Problem statement: I would like the records restated word for word, without the pictures.

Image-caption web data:
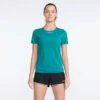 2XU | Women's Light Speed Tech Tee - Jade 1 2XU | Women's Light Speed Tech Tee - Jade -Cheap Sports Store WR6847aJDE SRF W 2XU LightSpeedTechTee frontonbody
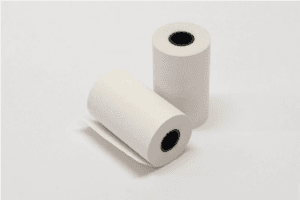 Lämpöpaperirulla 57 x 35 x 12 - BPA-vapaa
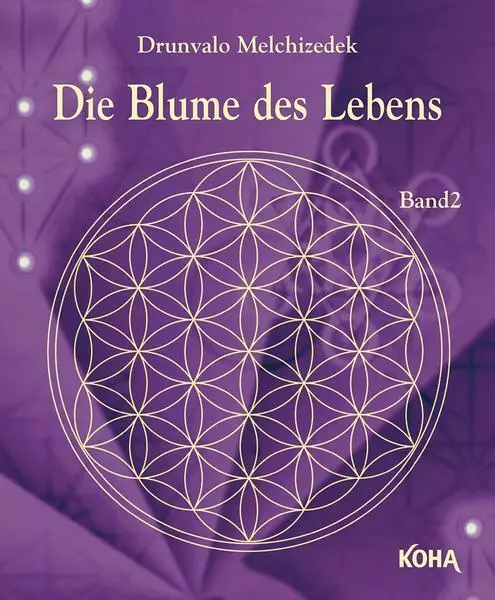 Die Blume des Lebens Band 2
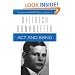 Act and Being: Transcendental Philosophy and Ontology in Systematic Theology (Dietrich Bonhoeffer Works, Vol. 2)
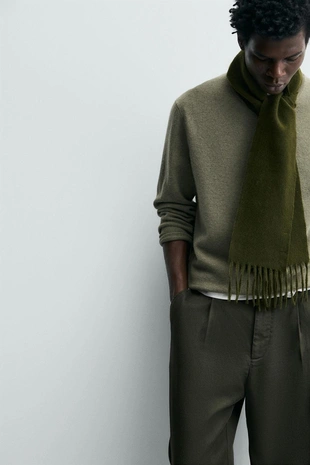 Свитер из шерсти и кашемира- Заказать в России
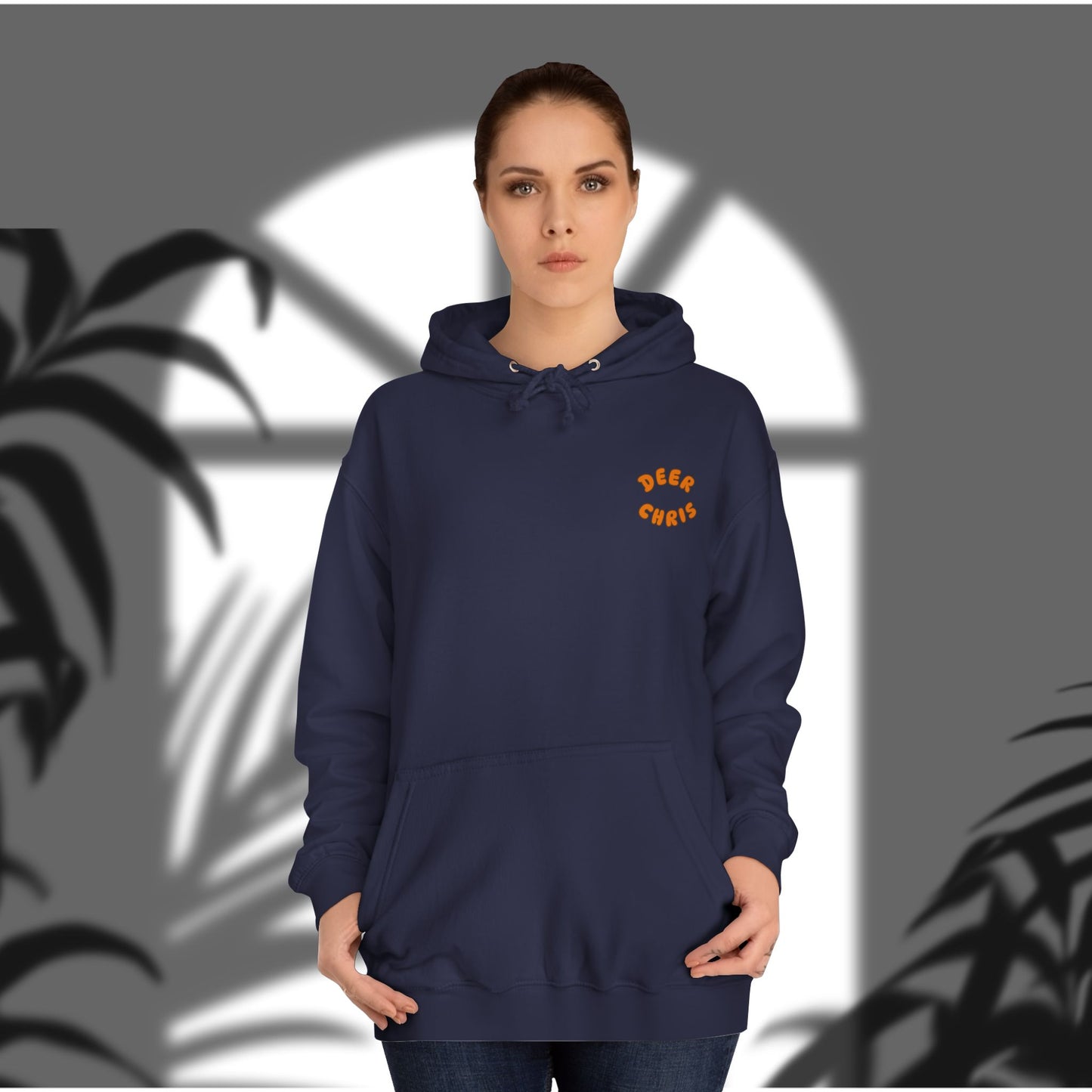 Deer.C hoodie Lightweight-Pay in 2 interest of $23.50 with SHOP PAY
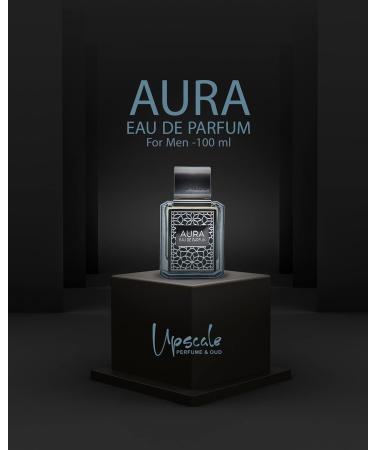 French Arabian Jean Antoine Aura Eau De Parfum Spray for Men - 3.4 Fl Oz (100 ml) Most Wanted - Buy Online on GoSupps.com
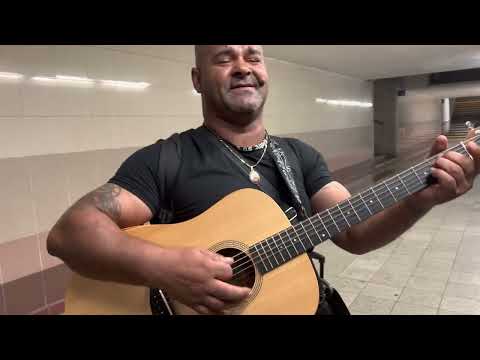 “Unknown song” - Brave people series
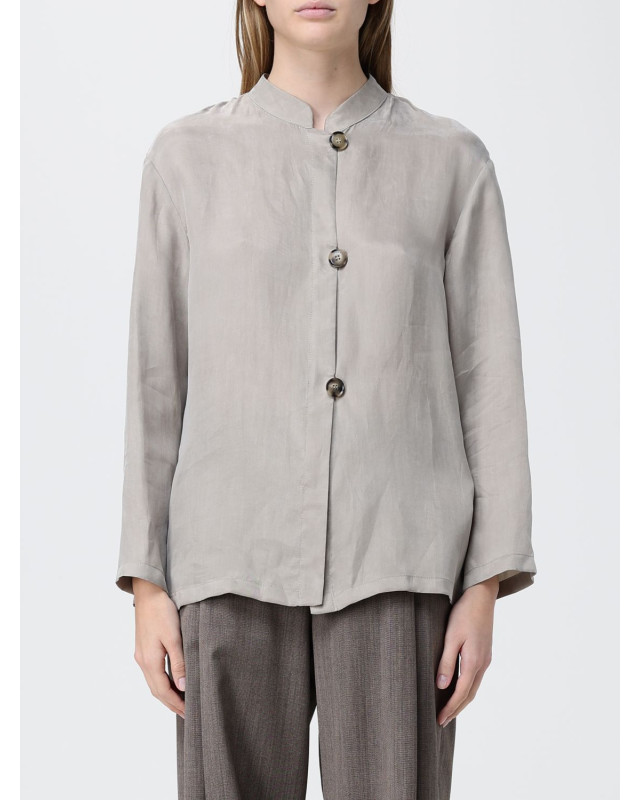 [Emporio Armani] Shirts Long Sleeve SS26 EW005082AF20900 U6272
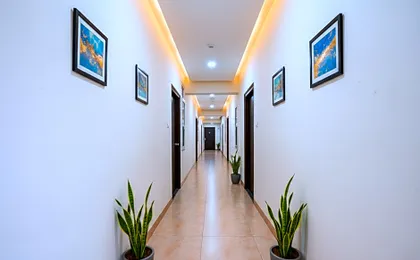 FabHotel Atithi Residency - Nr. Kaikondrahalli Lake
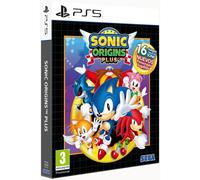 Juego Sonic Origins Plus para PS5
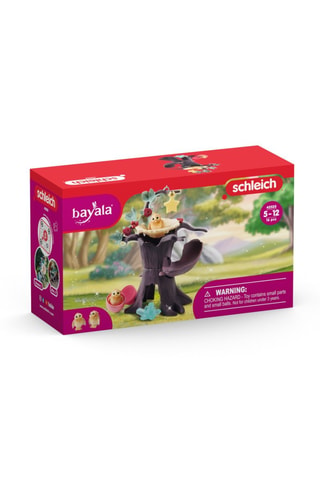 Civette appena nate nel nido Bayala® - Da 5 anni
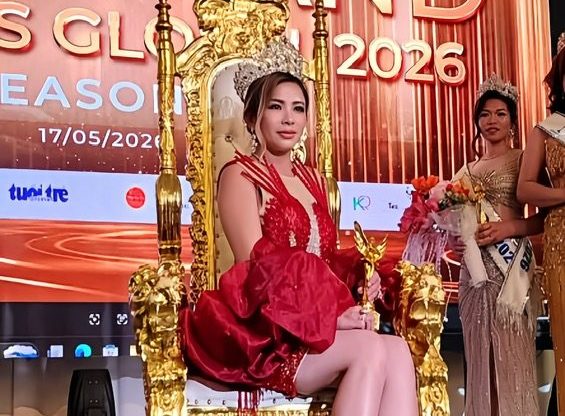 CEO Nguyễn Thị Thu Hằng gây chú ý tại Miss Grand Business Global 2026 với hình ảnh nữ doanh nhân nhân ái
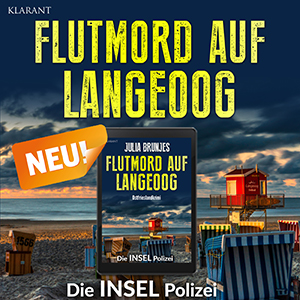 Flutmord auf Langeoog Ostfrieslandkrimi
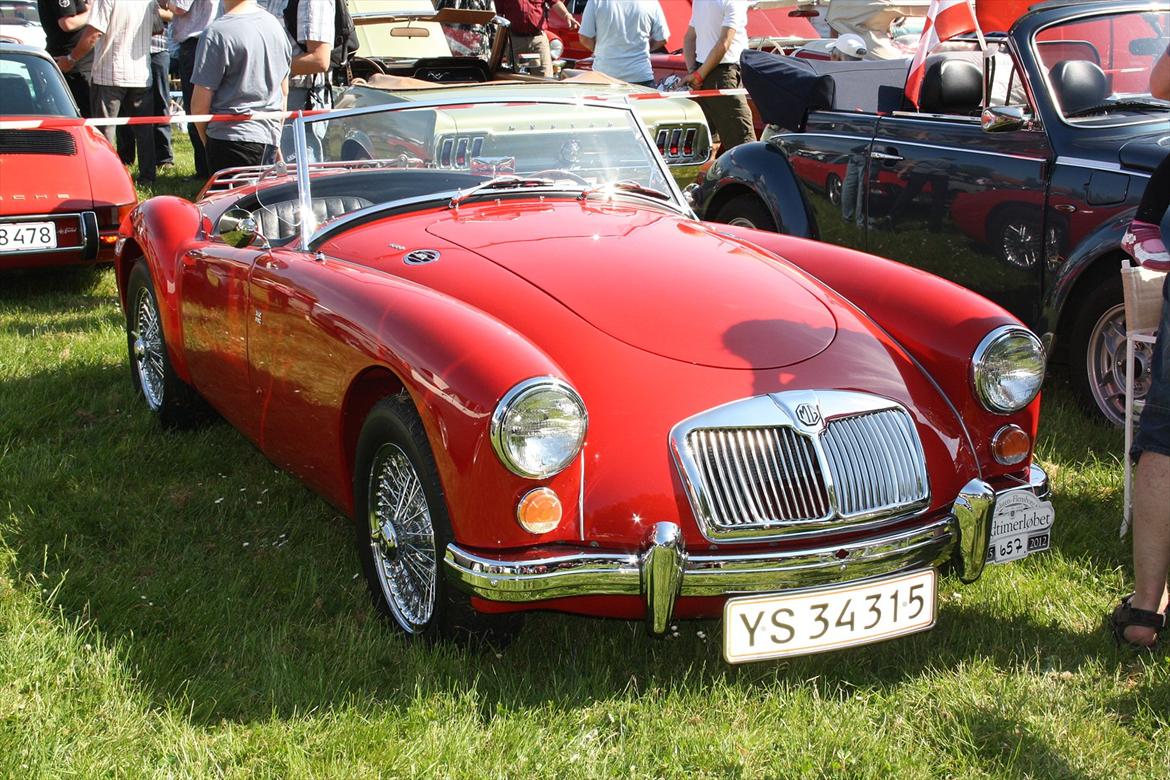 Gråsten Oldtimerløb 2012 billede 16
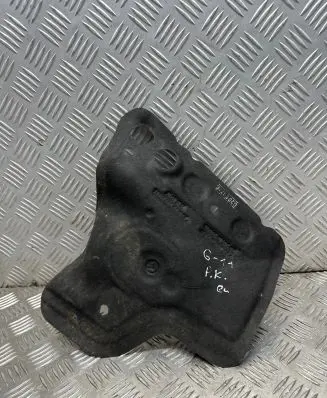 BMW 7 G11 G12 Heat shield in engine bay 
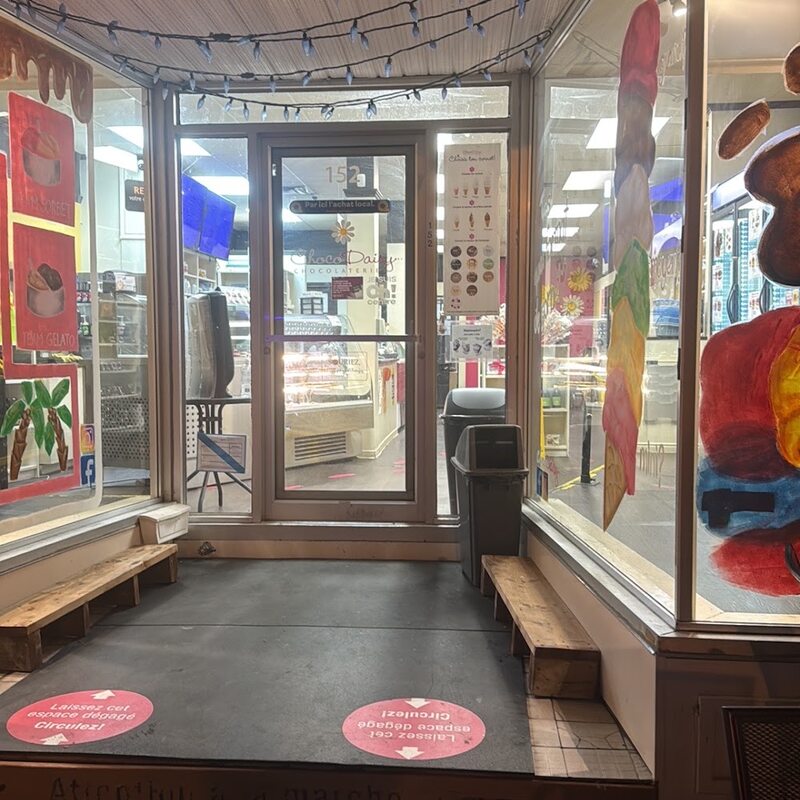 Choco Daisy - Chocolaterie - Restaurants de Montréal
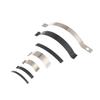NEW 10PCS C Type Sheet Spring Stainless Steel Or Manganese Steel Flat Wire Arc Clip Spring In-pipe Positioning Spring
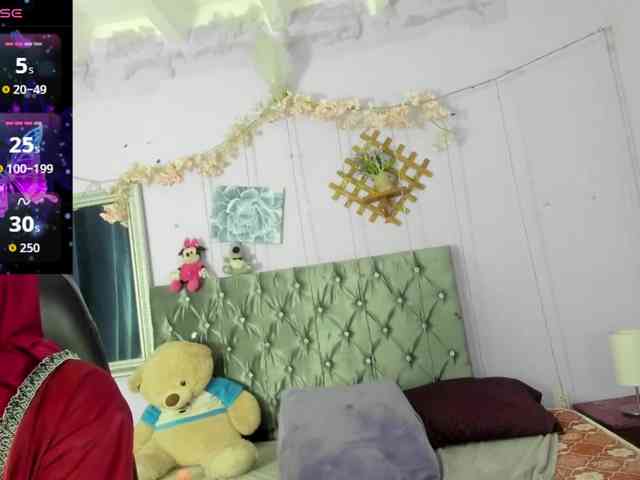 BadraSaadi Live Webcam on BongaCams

Output of the task:
 2XU | Women's Light Speed Tech Tee - Jade 1 2XU | Women's Light Speed Tech Tee - Jade -Cheap Sports Store WR6847aJDE SRF W 2XU LightSpeedTechTee frontonbody
 Lämpöpaperirulla 57 x 35 x 12 - BPA-vapaa
 Die Blume des Lebens Band 2
 Act and Being: Transcendental Philosophy and Ontology in Systematic Theology (Dietrich Bonhoeffer Works, Vol. 2)
 Свитер из шерсти и кашемира- Заказать в России
 Deer.C hoodie Lightweight-Pay in 2 interest of $23.50 with SHOP PAY
 French Arabian Jean Antoine Aura Eau De Parfum Spray for Men - 3.4 Fl Oz (100 ml) Most Wanted - Buy Online on GoSupps.com
 “Unknown song” - Brave people series
 [Emporio Armani] Shirts Long Sleeve SS26 EW005082AF20900 U6272
 FabHotel Atithi Residency - Nr. Kaikondrahalli Lake
 Juego Sonic Origins Plus para PS5
 Civette appena nate nel nido Bayala® - Da 5 anni
 CEO Nguyễn Thị Thu Hằng gây chú ý tại Miss Grand Business Global 2026 với hình ảnh nữ doanh nhân nhân ái
 Flutmord auf Langeoog Ostfrieslandkrimi
 Gråsten Oldtimerløb 2012 billede 16
 BMW 7 G11 G12 Heat shield in engine bay 
 Choco Daisy - Chocolaterie - Restaurants de Montréal
NEW 10PCS C Type Sheet Spring Stainless Steel Or Manganese Steel Flat Wire Arc Clip Spring In-pipe Positioning Spring
 BadraSaadi Live Webcam on BongaCams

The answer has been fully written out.